→ PROVIDED DATA:
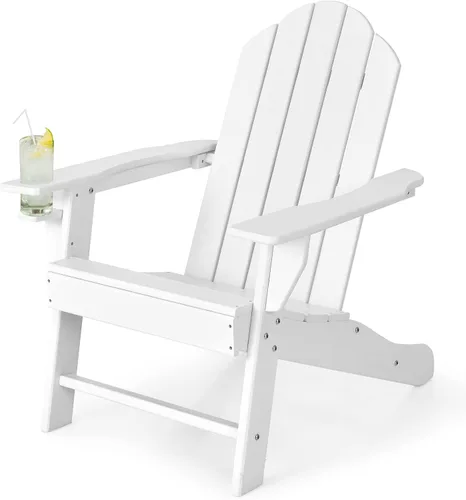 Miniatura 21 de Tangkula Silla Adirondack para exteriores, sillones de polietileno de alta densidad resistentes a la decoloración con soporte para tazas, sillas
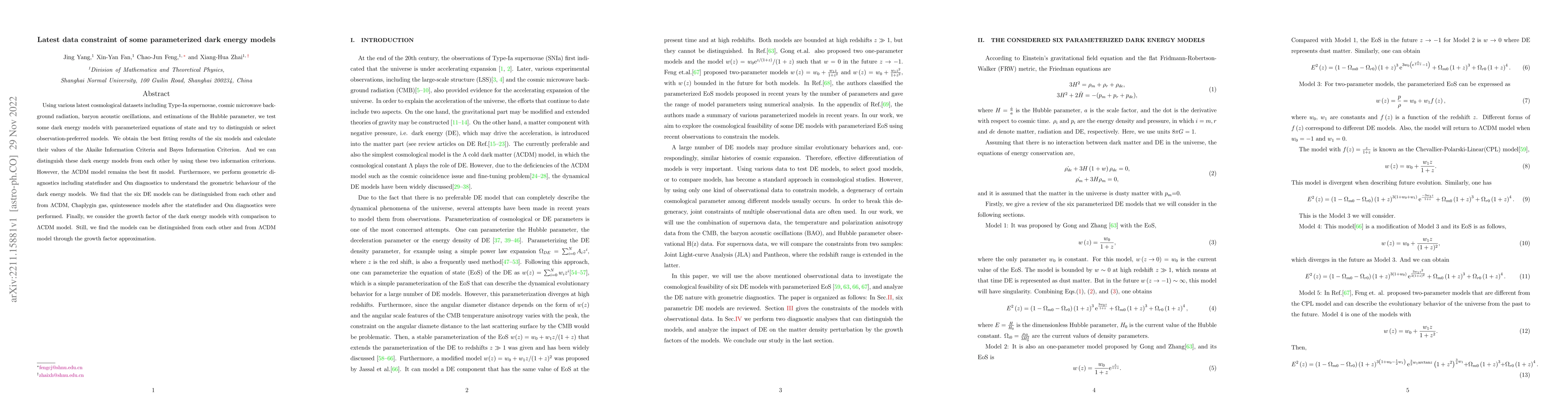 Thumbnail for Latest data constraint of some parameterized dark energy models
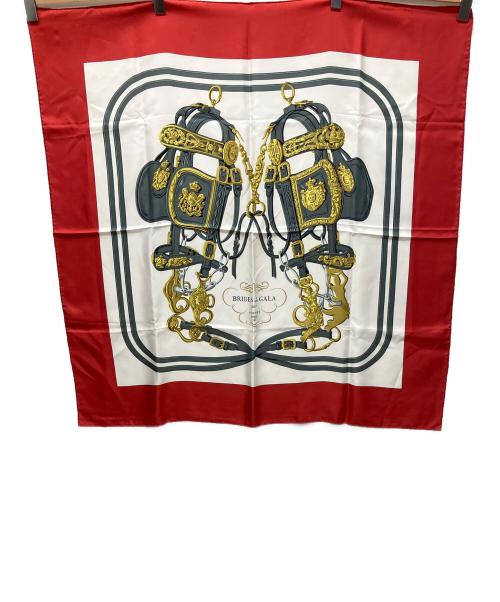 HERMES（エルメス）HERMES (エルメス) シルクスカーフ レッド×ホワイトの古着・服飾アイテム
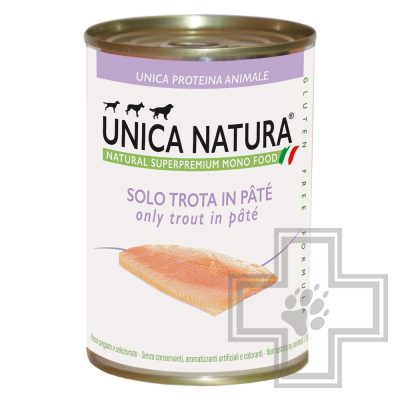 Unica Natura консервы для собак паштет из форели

* * *

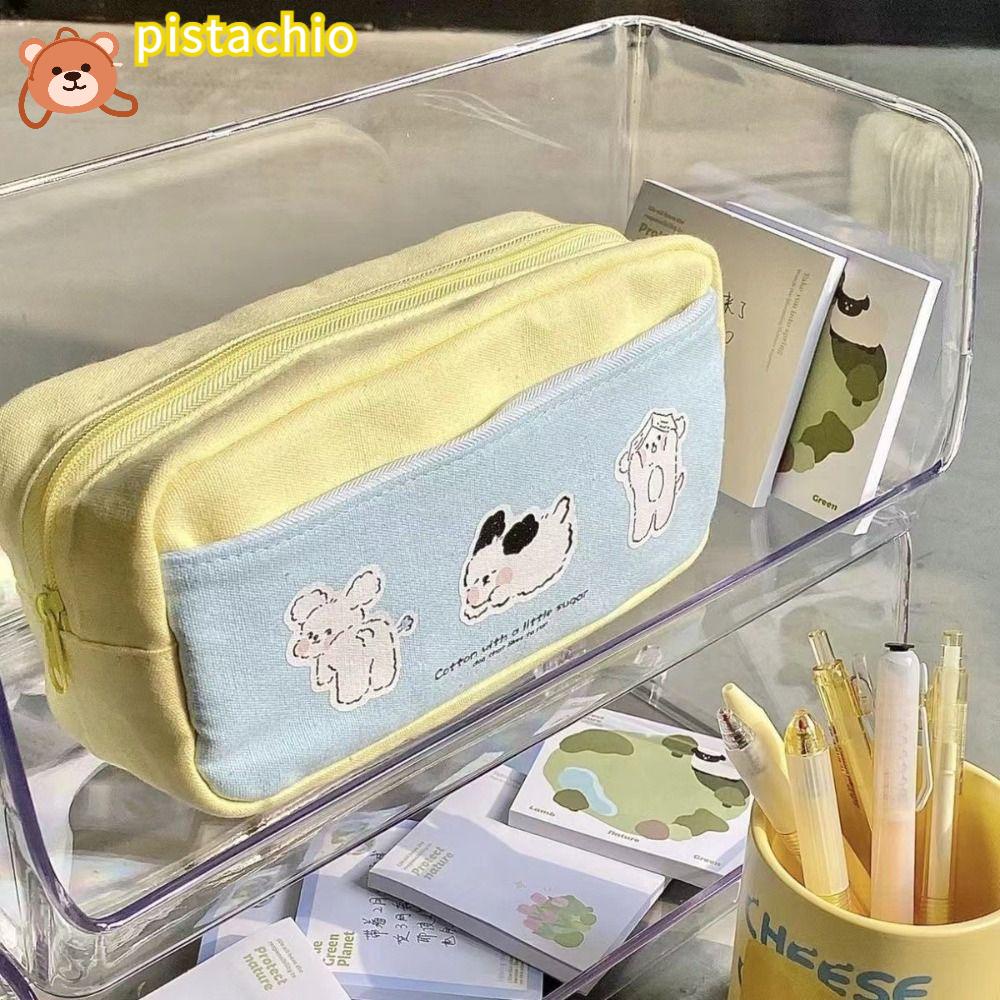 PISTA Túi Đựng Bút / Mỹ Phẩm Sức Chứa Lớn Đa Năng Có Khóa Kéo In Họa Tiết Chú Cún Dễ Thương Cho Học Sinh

--

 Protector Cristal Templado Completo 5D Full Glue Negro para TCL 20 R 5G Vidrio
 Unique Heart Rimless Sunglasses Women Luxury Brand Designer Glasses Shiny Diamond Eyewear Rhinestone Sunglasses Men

→ WHAT THE TASK ASKS: Would you transcribe the lines above exactly, going from the line bearing "Thumbnail for Latest" through the line bearing "Unica Natura консервы", and drop the pictures from the copy?

→ SOLVED PROBLEM:
 Thumbnail for Latest data constraint of some parameterized dark energy models
 HERMES（エルメス）HERMES (エルメス) シルクスカーフ レッド×ホワイトの古着・服飾アイテム
 Unica Natura консервы для собак паштет из форели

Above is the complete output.